For those who struggle to even fit in 20 minutes of exercise per day, “it is okay to start from 10 minutes a day and at the same time reduce sitting,” he recommended. “Once the 10 minutes become a comfortable lifestyle habit, they [can] try to build up to 20 minutes of activity a day or more.”

Commenting on the study for TCTMD, Felipe Lobelo, MD, PhD (Emory University, Atlanta, GA), said “the take-home message . . . is that, of course, by itself sedentary time is an independent risk factor for all-cause and cardiovascular disease mortality, and obviously the more you sit per day, the higher the risk of mortality—so like a dose-response association, if you will. But you get a multiplicative effect if you're also doing no exercise.”

For someone who sits a lot and also does no physical activity, Lobelo likened the effects of being on a similar magnitude to someone who both smokes cigarettes and drinks alcohol heavily. “You get a double negative effect,” he said.

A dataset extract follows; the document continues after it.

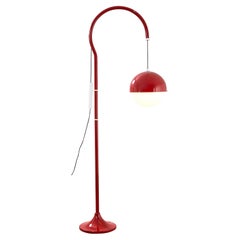 Lámpara de pie roja Kartell del siglo XX Mod. 4055 de Luigi Bandini Buti '70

These results underscore the importance of physicians asking the right questions about physical activity and sedentary behavior of their patients, especially in a primary care setting. “[Ask] questions about: do you walk your dog every day, do you go for a regular bout of exercise every day or per week? And at the same time, what's the average number of hours that you spend sitting at work, sitting in the car, sitting while watching TV?” he advised. “The only group that will sort of get a pass, if you will, for spending too much time sitting are those who are doing a lot of exercise. Otherwise, you need to implement counseling for both—spending too much time sitting and not doing the recommended dose of exercise, that's 150 minutes per week.”

Translational Opportunities

In an accompanying editorial, Charles Matthews, PhD (National Cancer Institute, Rockville, MD), writes that the “findings in this report are consistent with previous studies showing stronger replacement associations for less active adults and replacement benefits for lower intensity activities, daily walking, household chores, and lawn and garden activities, in addition to purposeful exercise. Collectively, these findings point to important translational opportunities.”

Specifically, Matthews that there are “at least three opportunities to lower risk for inactive adults, with the ultimate choice dictated by personal preferences and a variety of socioecological factors.”

First, he explains, by increasing physical activity to recommended levels (from 0 to 150 to 299 min/week) without changes in sitting time (remain at 8+ hours), patients could “lower mortality risk substantially, but some residual risk due to too much sitting may remain.” Second, by reducing sitting time substantially (from 8+ to < 4 hours) without increasing MVPA, “this change could lower mortality substantially, but some residual risk due to physical inactivity may remain.”

Third, they could increase MVPA to recommended levels (to 150 to 299 minutes per week) as well as reduce sitting from > 8 hours/day. This option would “produce more benefit compared with Choices A or B alone, and with greater reductions in sitting, the level of benefit nears that of the low-risk referent group,” Matthews writes.

Ultimately, there are “a variety of ways to lower risks associated with physical inactivity and too much sitting,” Matthews concludes, noting that the recently updated Physical Activity Guidelines for Americans have pushed for an increased focus on reducing sedentary behavior and moving more. “Given that sedentary behaviors appear to be vastly outcompeting more healthy physical activity behaviors during our discretionary time,” he says, “it is more important than ever to attend to our daily physical activity and sitting time and to try to optimize both behaviors for better health.”

  • Stamatakis reports receiving funding by a Senior Research Fellowship offered by the National Health and Medical Research Council and receiving support from PAL Technologies Ltd., which manufactures wearable monitors that quantify sitting/reclining, standing, and walking, in the form of an unrestricted grant.
  • Matthews and Lobelo report no relevant conflicts of interest.